Tungsten is primarily used to produce cemented carbide tools, generating substantial amounts of grinding waste of cemented carbide (GWCC) during machining. GWCC mainly comprises tungsten carbide (WC) and cobalt, which have significant economic value and are worth recovering. This work proposes a mildly recovery process involving chloridizing roasting and water leaching, introducing a novel transition and decomposition method for GWCC through chlorination roasting using CaCl2 as the chlorinating agent. Initially, Co and W in the GWCC are converted into CoCl2 and CaWO4, WO3 via chloridizing roasting. Subsequently, water leaching of the roasting product yields a CoCl2 solution and tungstate residue. Pure cobalt hydroxide precipitation is then obtained by adjusting the pH of the solution.
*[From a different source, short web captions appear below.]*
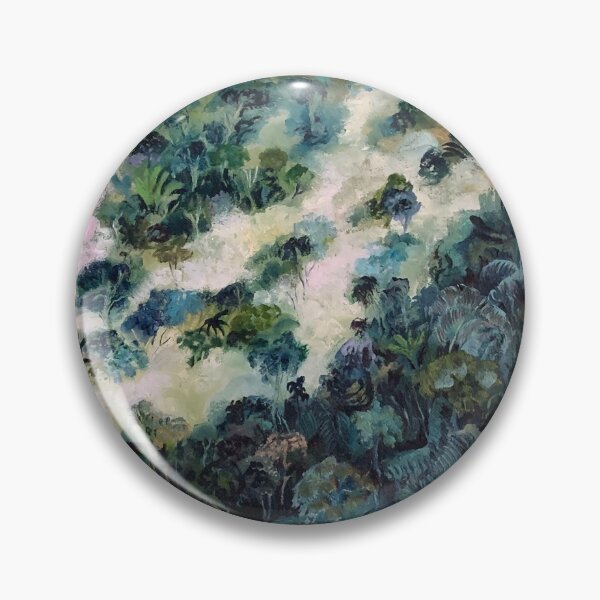 Item preview, Mountain Cloud Forest of Ecuador  designed and sold by Janice Schiff.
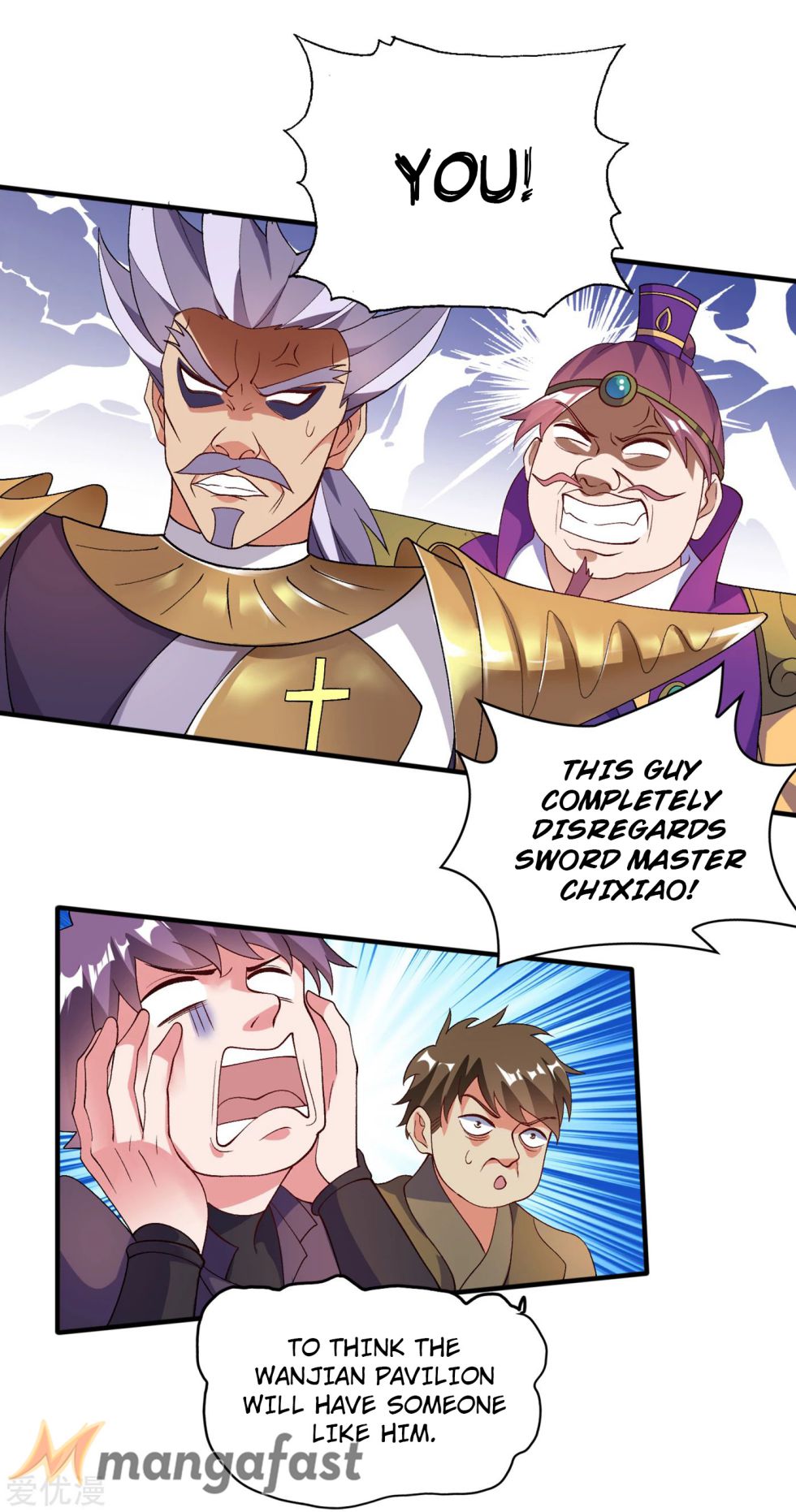 Spirit Sword Sovereign Chapter 341 page 27 - Chapter 341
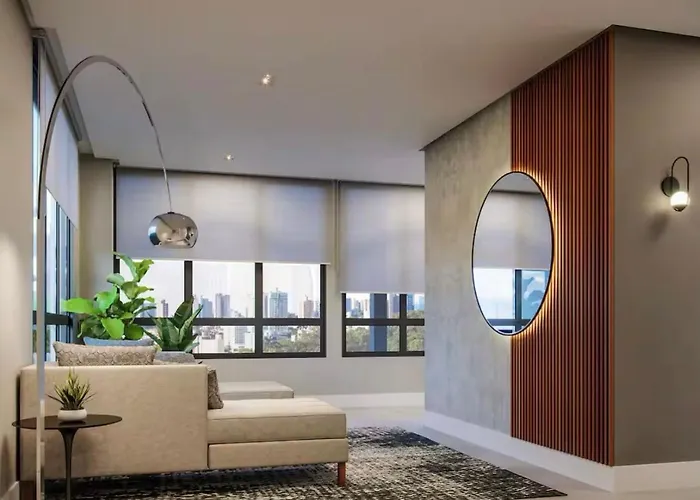 Raja 515 - Apartamento Confortável com Excelente Localização em São Paulo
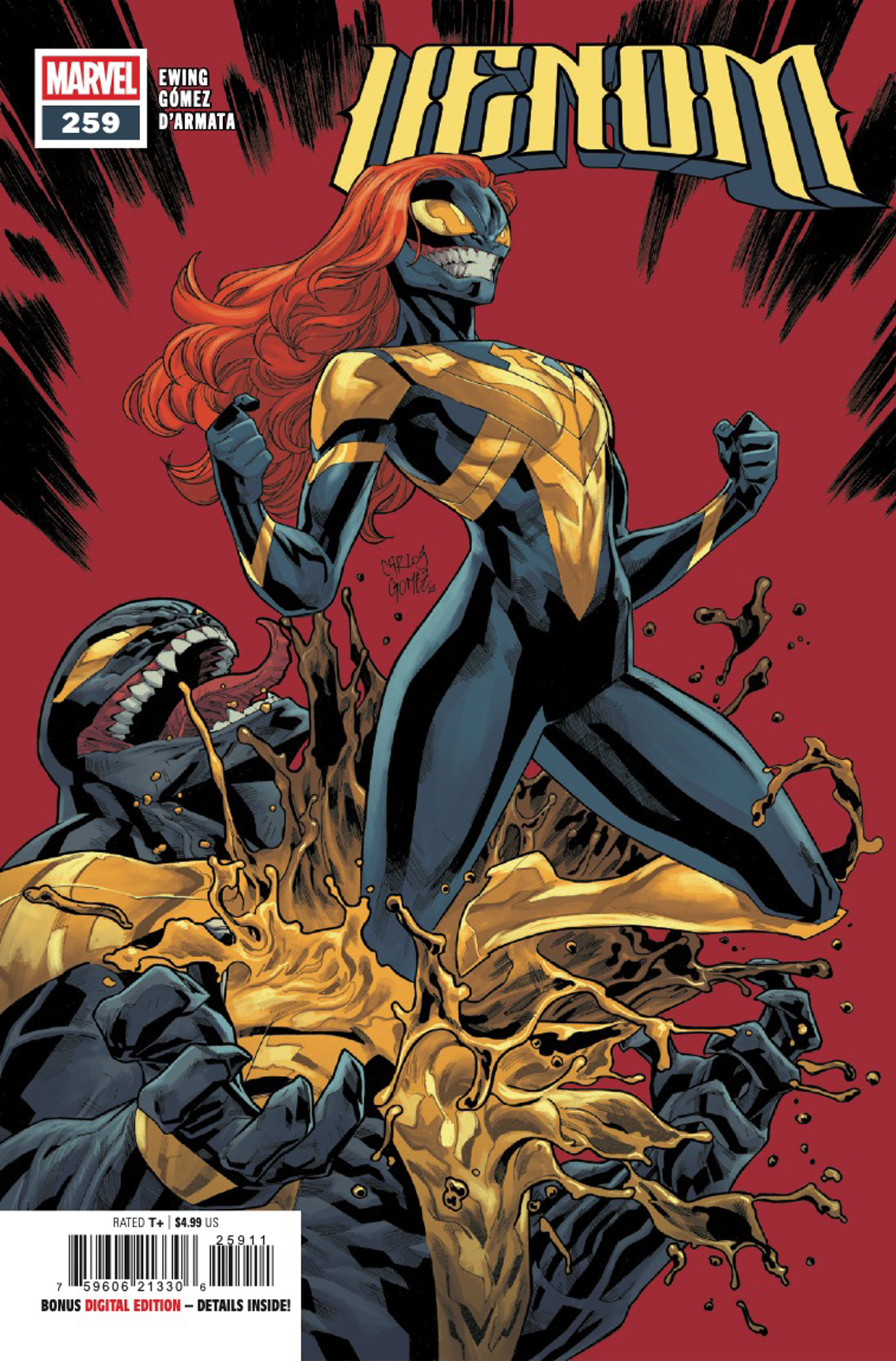 VENOM #259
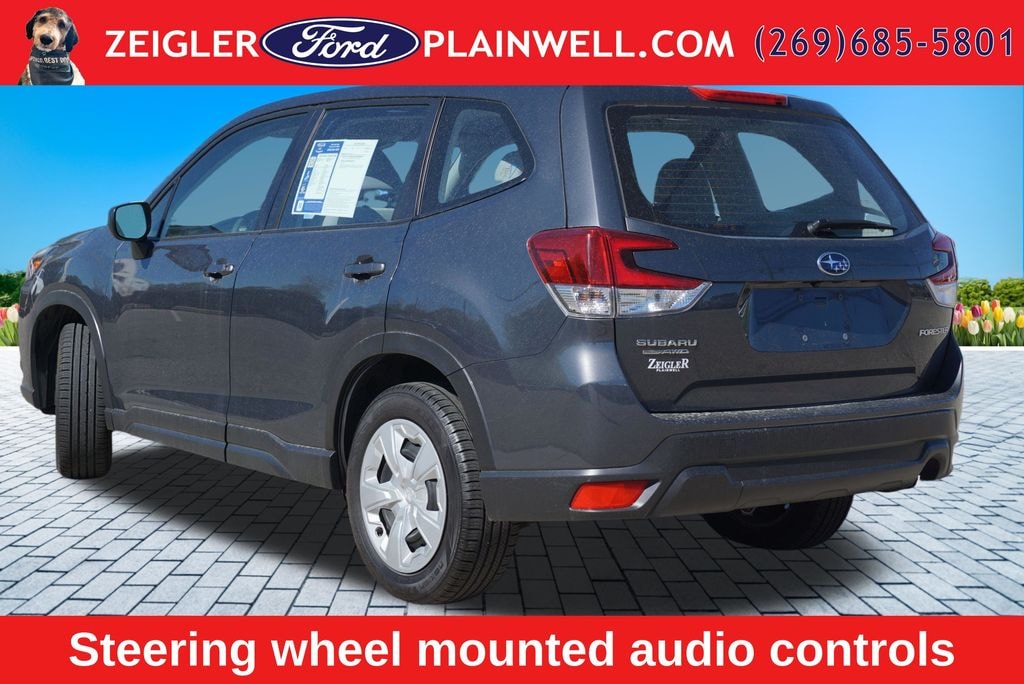 Used 2024 Subaru Forester Base SUV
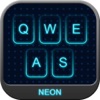 Neon Keyboard Pro icon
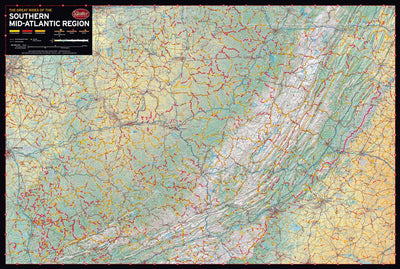 Southern Mid Atlantic Front Side Preview 1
The thermodynamic equilibrium of the WC-Co-CaCl2 system was first calculated, demonstrating that W and Co are entirely transformed into CaWO4 and CoCl2 above 400 degrees C with an initial chlorine-to-cobalt ratio (nCl/nCo ratio) of 2.0. Detailed roasting experiments reveal that the maximum cobalt leaching efficiency was achieved at 600 degrees C. The nCl/nCo ratio significantly influences the conversion, and insufficient CaCl2 and low temperature lead to cobalt tungstate and cobalt chloride formation. Optimal roasting conditions were determined to be a temperature of 600 degrees C, a nCl/nCo ratio of 2.4:1, and a reaction time of 1 h, achieving a cobalt leaching efficiency of 94.32 %. Finally, pure cobalt hydroxide was precipitated, and the separated tungstate residue was a high-quality raw material used for tungsten smelting.